▸ TO DO:
Please reproduce the lines of the records below from the one holding "119 Date Palm Dr., Laredo, Texas" through the one holding "お世話になった方から、図らず", inclusive, skipping all pictures.

▸ RECORDS SHOWN:

-----

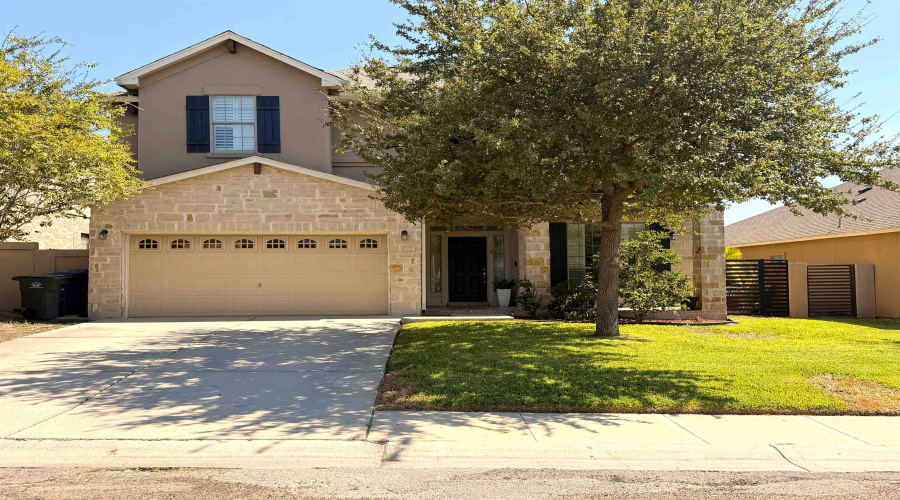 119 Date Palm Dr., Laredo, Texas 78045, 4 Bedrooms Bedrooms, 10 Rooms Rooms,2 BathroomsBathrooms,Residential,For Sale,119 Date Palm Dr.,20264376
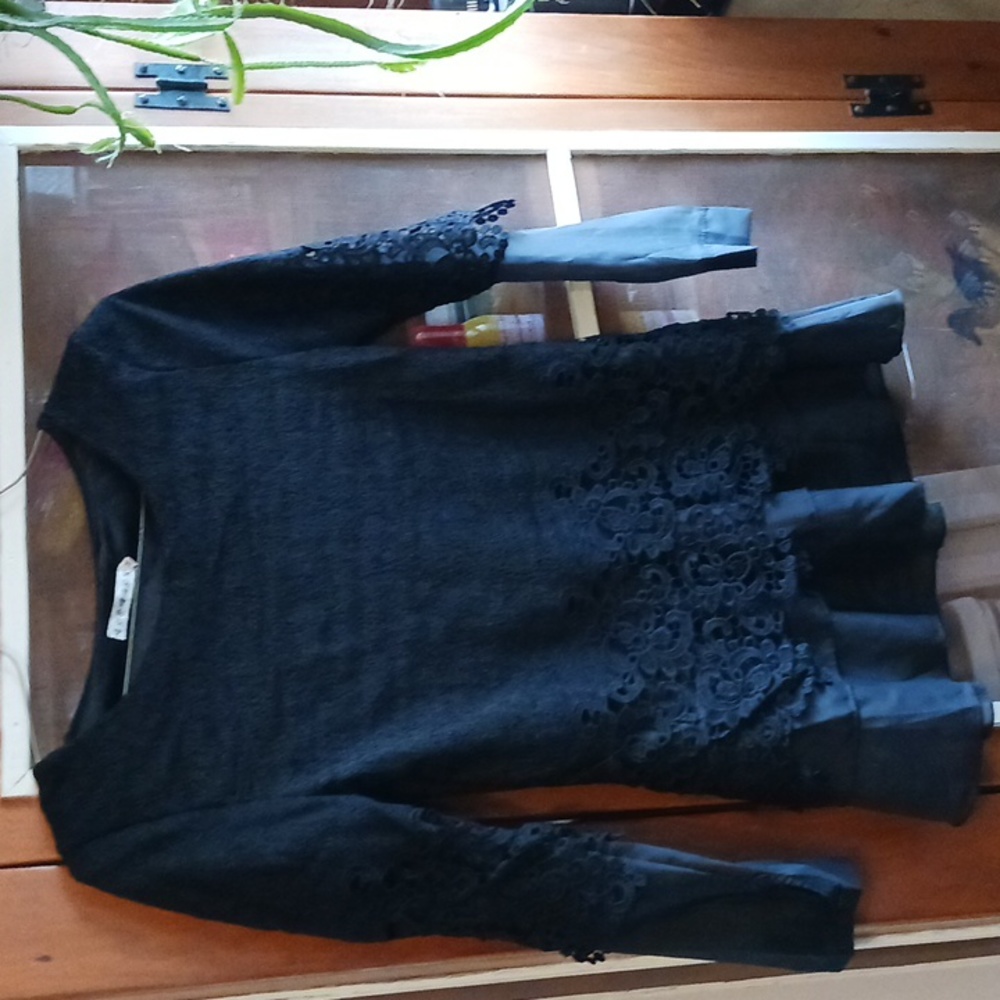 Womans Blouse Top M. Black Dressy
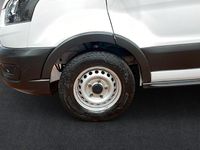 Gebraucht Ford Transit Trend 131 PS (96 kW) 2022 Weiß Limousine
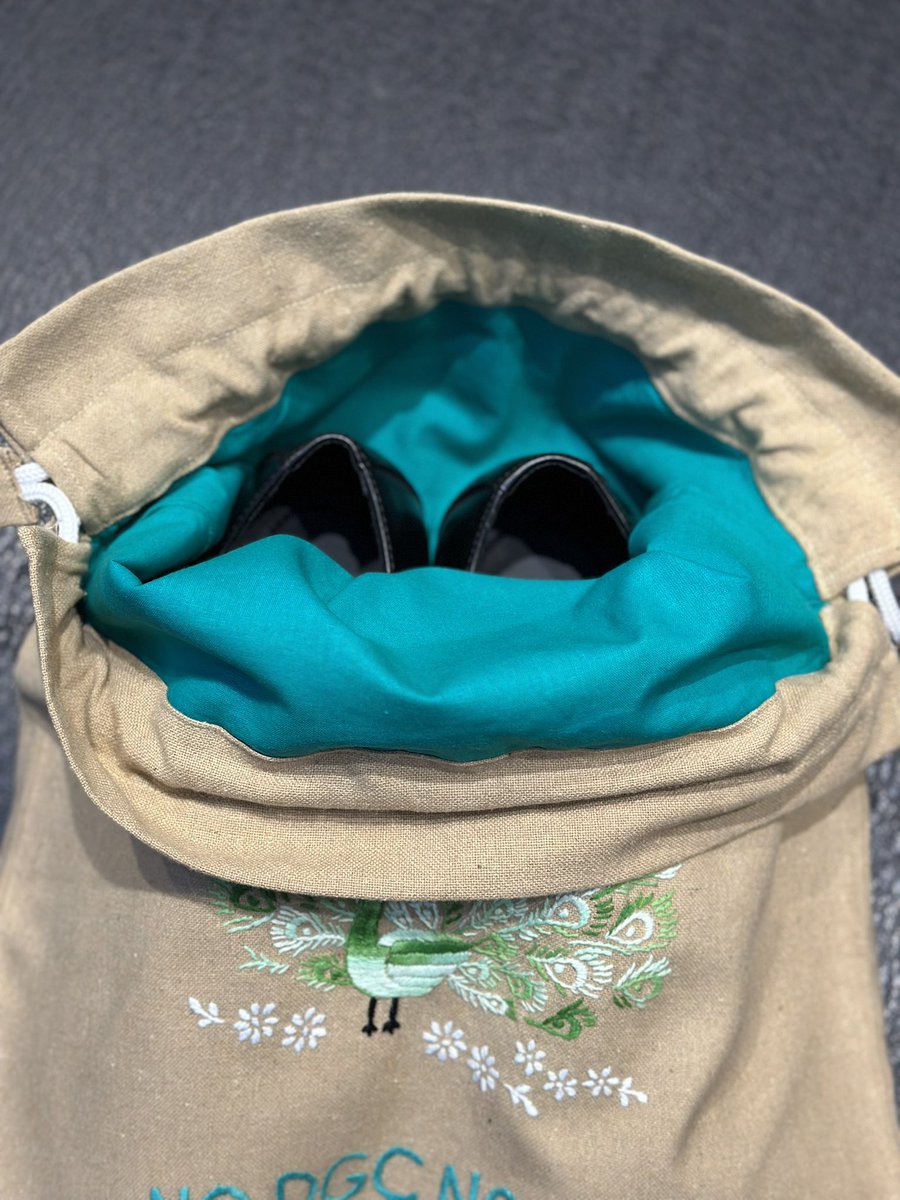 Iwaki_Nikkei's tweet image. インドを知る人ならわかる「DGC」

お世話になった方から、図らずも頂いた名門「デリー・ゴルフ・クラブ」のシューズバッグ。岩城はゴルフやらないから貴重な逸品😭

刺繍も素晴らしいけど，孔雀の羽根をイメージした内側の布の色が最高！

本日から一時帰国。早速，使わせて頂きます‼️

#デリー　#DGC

-----

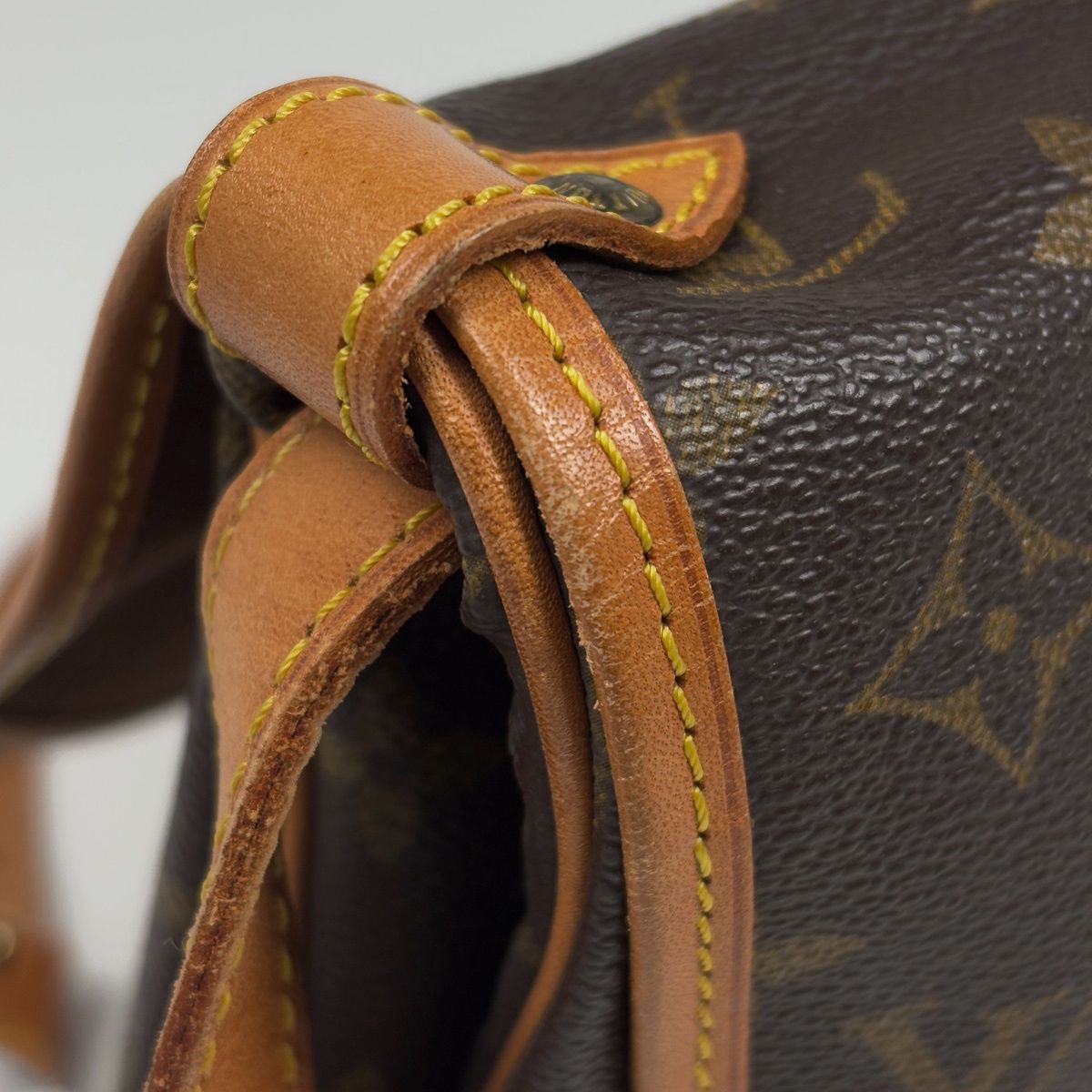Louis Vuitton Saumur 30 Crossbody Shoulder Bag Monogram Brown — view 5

-----

▸ EXERCISE RESPONSE:
 119 Date Palm Dr., Laredo, Texas 78045, 4 Bedrooms Bedrooms, 10 Rooms Rooms,2 BathroomsBathrooms,Residential,For Sale,119 Date Palm Dr.,20264376
 Womans Blouse Top M. Black Dressy
 Gebraucht Ford Transit Trend 131 PS (96 kW) 2022 Weiß Limousine
 Iwaki_Nikkei's tweet image. インドを知る人ならわかる「DGC」

お世話になった方から、図らずも頂いた名門「デリー・ゴルフ・クラブ」のシューズバッグ。岩城はゴルフやらないから貴重な逸品😭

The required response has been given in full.